Mary Gardner, originally from Orkney, Scotland, spent 20 years working with Wycliffe Bible Translators in the West African nation of Togo where she completed a translation of the New Testament for the first time into the language of Ife, which is spoken in Togo and Benin. She then planned to also translate the Old Testament into Ife and had just spent six months studying Hebrew at the Homes for Bible Translators near Mevaseret Zion, close to Jerusalem [1]. On March 23, 2011, a bomb exploded at a bus stop in Jerusalem, injuring about 30 and killing one person, Mary Gardner. This was the first major bombing in Jerusalem in seven years. A bag had been left on the pavement near the central bus station [2]. The language of Ife (also known as Ana, Ana-Ifé, and Baate) is spoken by about 182,000 people in West Africa [3]. The people in Togo and Benin who pick up a New Testament, for the first time now in their native language, may forever be grateful for the work of Mary Gardner.

Rejoice and be glad, because great is your reward in heaven. (Matthew 5:12)

Wycliffe Bible Translators have made more than 700 translations available since they began in 1942, with several hundred more currently underway [4]. John Wycliffe was a reformation leader who completed a translation of the first English Bible from the Latin Vulgate in 1382. After he died in 1384, Wycliffe was declared a heretic and his bones were disinterred, burned and thrown into a river.

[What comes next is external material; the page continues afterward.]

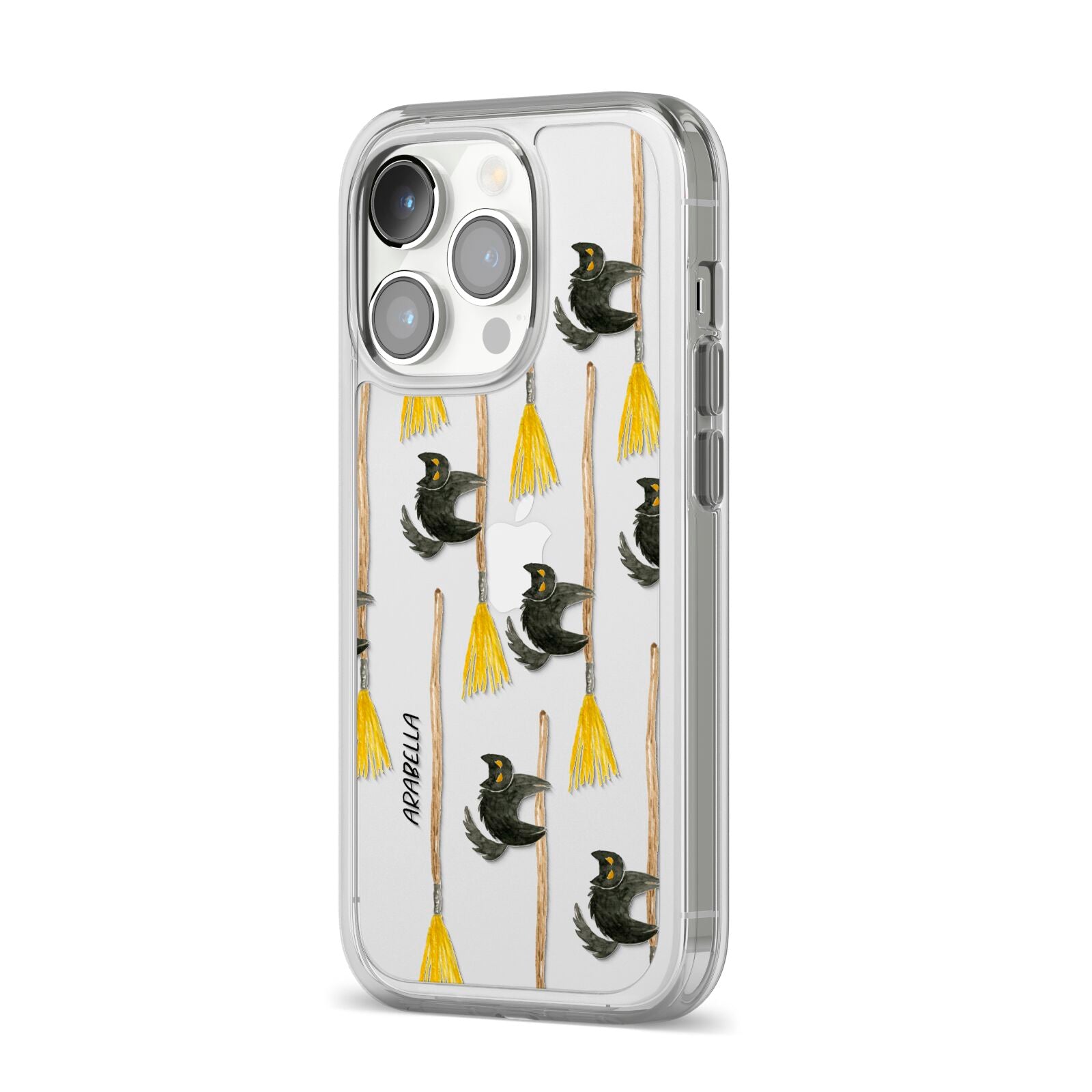 Cats on Broomsticks Halloween iPhone 14 Pro Clear Tough Case Silver Angled Image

[1] Israel Ministry of Foreign Affairs, “Mary Jean Gardner”, 23 Mar 2011,
< http://www.mfa.gov.il/MFA/Terrorism-+Obstacle+to+Peace/Memorial/2011/Victims/Mary_Jean_Gardner.htm >
[2] BBC News, “Jerusalem bus bomb: Mary Gardner’s family pays tribute”, 24 Mar 2011,
< http://www.bbc.co.uk/news/uk-scotland-north-east-orkney-shetland-12856418 >
[3] Lewis, M. Paul (ed.), 2009. Ethnologue: Languages of the World, Sixteenth edition. Dallas, Tex.: SIL International.